**** DATA PROVIDED

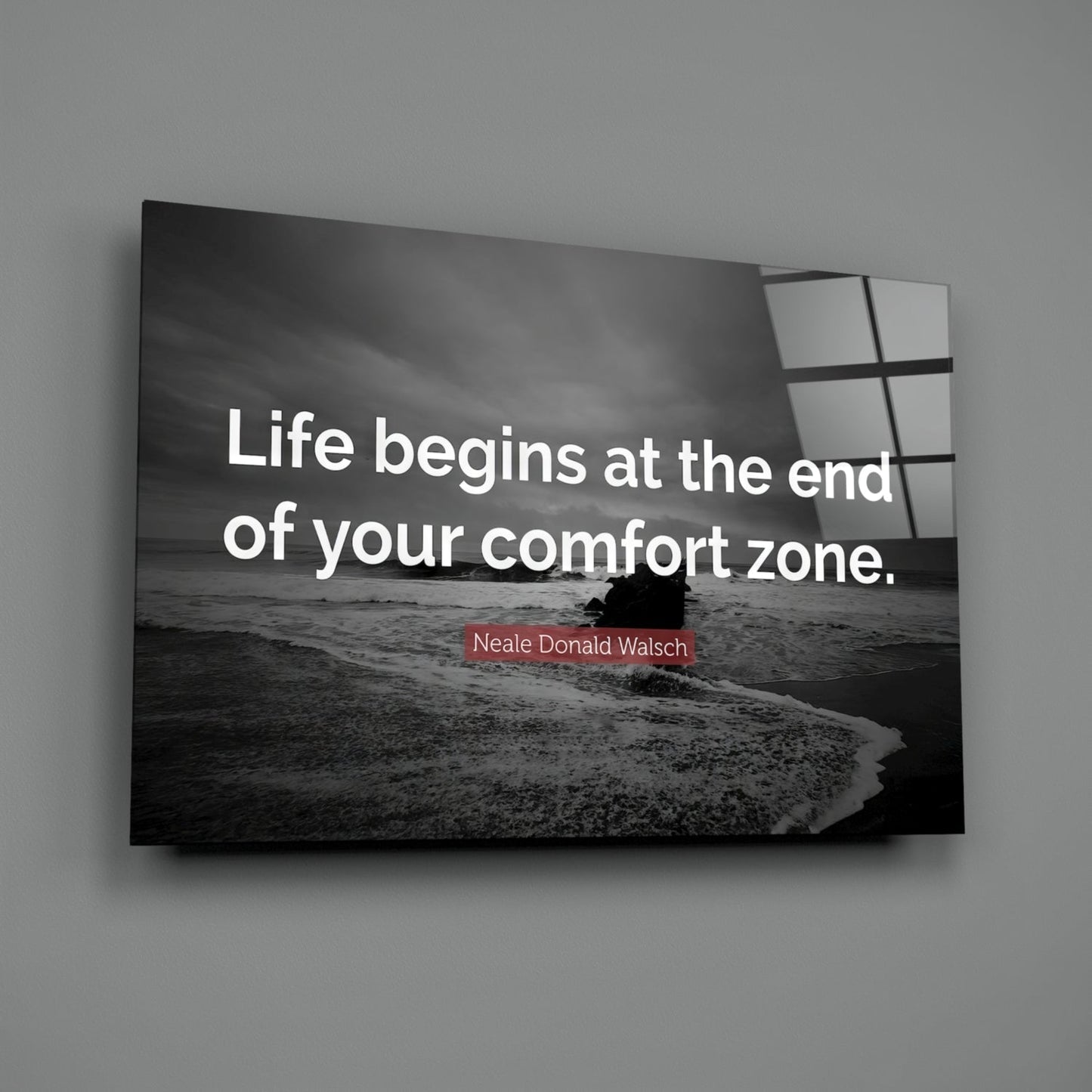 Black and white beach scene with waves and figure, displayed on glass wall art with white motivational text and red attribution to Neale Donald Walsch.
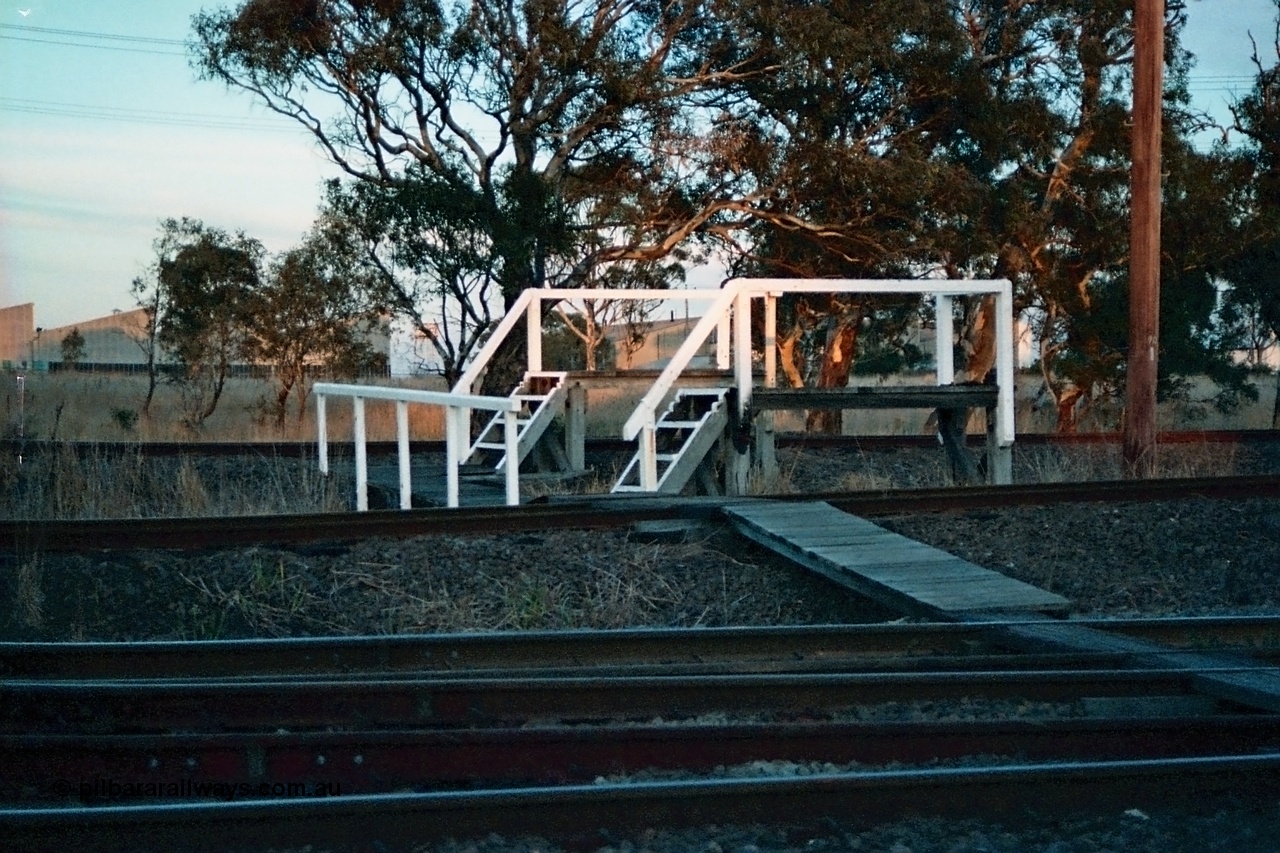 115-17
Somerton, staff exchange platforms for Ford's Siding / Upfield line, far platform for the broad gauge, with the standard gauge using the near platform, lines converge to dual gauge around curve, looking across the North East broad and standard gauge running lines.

********
**** DATA PROVIDED

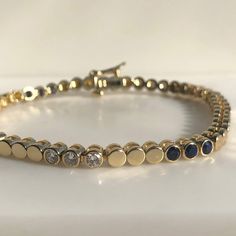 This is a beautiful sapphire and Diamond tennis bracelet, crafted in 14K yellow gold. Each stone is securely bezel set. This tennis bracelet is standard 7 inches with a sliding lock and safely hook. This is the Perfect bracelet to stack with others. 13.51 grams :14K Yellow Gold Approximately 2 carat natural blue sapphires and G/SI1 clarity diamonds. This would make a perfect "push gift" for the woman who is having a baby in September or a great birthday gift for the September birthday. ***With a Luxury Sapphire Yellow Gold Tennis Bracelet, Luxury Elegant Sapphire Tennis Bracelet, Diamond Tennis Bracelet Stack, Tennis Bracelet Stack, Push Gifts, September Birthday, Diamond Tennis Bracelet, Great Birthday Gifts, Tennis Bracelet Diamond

********

> [WHAT TO WORK ON]:
Look back over the records above. Reproduce exactly everything from the line with "Black and white" down to the line with "Somerton, staff exchange", inclusive, and leave the pictures out.

> [FINISHED EXERCISE]:
 Black and white beach scene with waves and figure, displayed on glass wall art with white motivational text and red attribution to Neale Donald Walsch.
 115-17
Somerton, staff exchange platforms for Ford's Siding / Upfield line, far platform for the broad gauge, with the standard gauge using the near platform, lines converge to dual gauge around curve, looking across the North East broad and standard gauge running lines.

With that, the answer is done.